Overview
The Exploitability Validation package provides a rigorous multi-stage pipeline for validating that vulnerability findings from static analysis are not just theoretical issues, but real, reachable, and potentially exploitable vulnerabilities.
Purpose
Validate findings through stages:
- Stage 0 (Inventory): Catalog code structure and entry points
- Stage A (One-Shot): Quick exploitability assessment
- Stage B (Process): Attack path validation
- Stage C (Sanity): False positive elimination
- Stage D (Ruling): Hypothesis validation
- Stage E (Feasibility): Binary exploit feasibility (memory corruption only)
Architecture
packages/exploitability_validation/
├── orchestrator.py # Pipeline orchestration
├── checklist_builder.py # Stage 0: Code inventory
├── agentic.py # Stage A: LLM-powered assessment
├── schemas.py # JSON validation schemas
└── tests/
Quick Start
Full Validation Pipeline
from packages.exploitability_validation import run_validation
# Run full pipeline
result = run_validation(
target_path="/path/to/code",
vuln_type="sql_injection",
findings_file=None # Will run static analysis first
)
print(f"Status: {result.state}")
print(f"Stages completed: {len(result.stage_results)}")

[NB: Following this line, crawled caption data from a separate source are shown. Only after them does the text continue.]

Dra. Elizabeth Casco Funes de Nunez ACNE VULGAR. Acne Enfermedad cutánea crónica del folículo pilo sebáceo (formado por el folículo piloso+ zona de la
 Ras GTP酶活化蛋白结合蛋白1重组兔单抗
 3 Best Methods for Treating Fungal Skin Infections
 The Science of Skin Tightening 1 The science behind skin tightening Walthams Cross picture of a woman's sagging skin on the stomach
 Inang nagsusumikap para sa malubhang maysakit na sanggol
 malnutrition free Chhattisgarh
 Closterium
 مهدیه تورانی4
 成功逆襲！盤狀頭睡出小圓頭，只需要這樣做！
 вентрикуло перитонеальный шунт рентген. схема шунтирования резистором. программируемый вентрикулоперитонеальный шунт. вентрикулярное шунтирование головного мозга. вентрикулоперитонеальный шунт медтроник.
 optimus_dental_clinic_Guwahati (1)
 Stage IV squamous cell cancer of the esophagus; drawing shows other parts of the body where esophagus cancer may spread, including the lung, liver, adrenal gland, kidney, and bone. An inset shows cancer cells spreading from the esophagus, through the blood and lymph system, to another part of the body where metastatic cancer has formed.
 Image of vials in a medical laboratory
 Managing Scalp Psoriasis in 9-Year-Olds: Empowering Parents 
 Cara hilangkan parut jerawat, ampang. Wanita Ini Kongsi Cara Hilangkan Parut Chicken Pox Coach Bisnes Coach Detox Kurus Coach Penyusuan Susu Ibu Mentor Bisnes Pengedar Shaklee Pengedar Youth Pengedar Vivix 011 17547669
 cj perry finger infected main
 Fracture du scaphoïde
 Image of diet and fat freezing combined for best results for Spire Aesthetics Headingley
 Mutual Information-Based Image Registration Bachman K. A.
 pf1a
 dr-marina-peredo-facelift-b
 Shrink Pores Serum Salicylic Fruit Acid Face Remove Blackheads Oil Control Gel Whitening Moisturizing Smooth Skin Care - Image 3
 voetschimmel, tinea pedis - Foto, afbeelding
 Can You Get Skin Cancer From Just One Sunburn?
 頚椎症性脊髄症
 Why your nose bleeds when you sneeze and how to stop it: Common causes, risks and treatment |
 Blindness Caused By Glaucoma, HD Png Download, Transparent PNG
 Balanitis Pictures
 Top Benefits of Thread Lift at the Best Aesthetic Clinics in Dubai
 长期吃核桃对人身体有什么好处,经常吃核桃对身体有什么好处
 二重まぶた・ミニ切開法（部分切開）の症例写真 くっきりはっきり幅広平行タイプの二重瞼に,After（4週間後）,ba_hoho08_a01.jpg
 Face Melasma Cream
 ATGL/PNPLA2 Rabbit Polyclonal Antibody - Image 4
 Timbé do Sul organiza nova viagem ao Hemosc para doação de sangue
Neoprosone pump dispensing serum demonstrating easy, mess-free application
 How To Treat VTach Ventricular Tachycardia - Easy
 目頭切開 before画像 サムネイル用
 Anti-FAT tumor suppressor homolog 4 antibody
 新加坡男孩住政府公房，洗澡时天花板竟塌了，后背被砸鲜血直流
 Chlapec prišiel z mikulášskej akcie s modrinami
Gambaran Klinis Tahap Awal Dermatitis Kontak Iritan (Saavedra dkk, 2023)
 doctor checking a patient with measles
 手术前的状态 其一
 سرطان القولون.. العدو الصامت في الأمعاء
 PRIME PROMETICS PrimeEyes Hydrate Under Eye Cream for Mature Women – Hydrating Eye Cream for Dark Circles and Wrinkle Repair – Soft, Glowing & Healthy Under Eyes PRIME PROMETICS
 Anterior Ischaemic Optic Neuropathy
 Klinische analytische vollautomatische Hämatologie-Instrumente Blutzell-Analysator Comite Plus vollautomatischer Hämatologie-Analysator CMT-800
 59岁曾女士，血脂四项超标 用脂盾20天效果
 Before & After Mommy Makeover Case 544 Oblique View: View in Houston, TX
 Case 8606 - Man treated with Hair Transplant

With Pre-Existing Findings
# Skip scanning, validate existing findings
result = run_validation(
target_path="/path/to/code",
vuln_type="command_injection",
findings_file="out/scan/combined.sarif"
)
Build Inventory Only (Stage 0)
from packages.exploitability_validation import build_checklist
# Create code inventory
checklist = build_checklist(
target_path="/path/to/code",
output_dir="out/validation"
)
print(f"Files: {len(checklist['files'])}")
print(f"Functions: {len(checklist['functions'])}")
print(f"Entry points: {len(checklist['entry_points'])}")
Python API
ValidationOrchestrator
Main pipeline orchestrator.
from packages.exploitability_validation import (
ValidationOrchestrator,
PipelineConfig
)
# Configure pipeline
config = PipelineConfig(
target_path="/path/to/code",
workdir=".out/validation-20260304",
vuln_type="sql_injection",
findings_file=None,
skip_feasibility=False,
max_retries=3,
validate_schemas=True
)
# Run pipeline
orchestrator = ValidationOrchestrator(config)
state = orchestrator.run()
# Check results
for stage, result in state.stage_results.items():
print(f"{stage.name}: {result.status}")
if result.errors:
print(f" Errors: {result.errors}")
Stage Execution
from packages.exploitability_validation import Stage
# Run specific stage
orchestrator = ValidationOrchestrator(config)
result = orchestrator._execute_stage(Stage.ONESHOT)
if result.status == StageStatus.COMPLETED:
print(f"Stage completed in {result.duration_seconds:.1f}s")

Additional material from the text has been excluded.